Au bout du compte, l'équation est assez simple et vérifiable d'un pays à l'autre : c'est tout l'un ou tout l'autre. Soit vous remplissez les salles locales en présentant des comédies locales qui font courir les populations locales et qui vous privent d'un rayonnement international et d'une invitation à Cannes ou aux Oscars. Soit vous faites des films d'auteur denses et difficiles sur des sujets douloureux, boudés par les masses laborieuses de vos contrées mais encensés par la critique internationale et invités dans les festivals du monde.

Idéalement, un film devrait pouvoir réussir les deux, mais, dans les faits, c'est l'exception qui confirme la règle. Or, n'en déplaise à ses détracteurs, le cinéma québécois a connu au fil des ans de belles et de nombreuses exceptions. Du Déclin de l'empire américain jusqu'à Mommy en passant par Incendies, C.R.A.Z.Y., Monsieur Lazhar, Léolo ou Les invasions barbares, le cinéma québécois a souvent réussi à réconcilier les anciens et les modernes, le grand public et les publics plus pointus ou, pour paraphraser Guzzo, les St-Hubert et les Toqué !.

Dans les faits, le cinéma québécois se situe quelque part entre les deux pôles qui séparent le commerce et l'art.

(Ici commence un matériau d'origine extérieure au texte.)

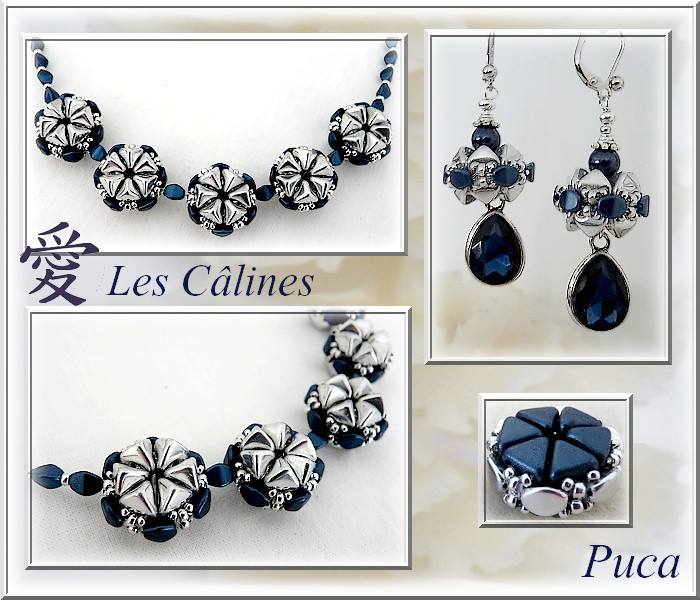 planche-perle-perlee-calines-puca-super-kheops-01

Et s'il est vrai que les institutions qui le financent devraient faire une meilleure part au cinéma grand public, cela ne doit pas non plus se faire au détriment du cinéma d'auteur, quitte à exiger plus d'ouverture et de générosité de la part de ses auteurs.

Tout cela pour dire que, quand on se compare, on se console. Bon Gala du cinéma québécois.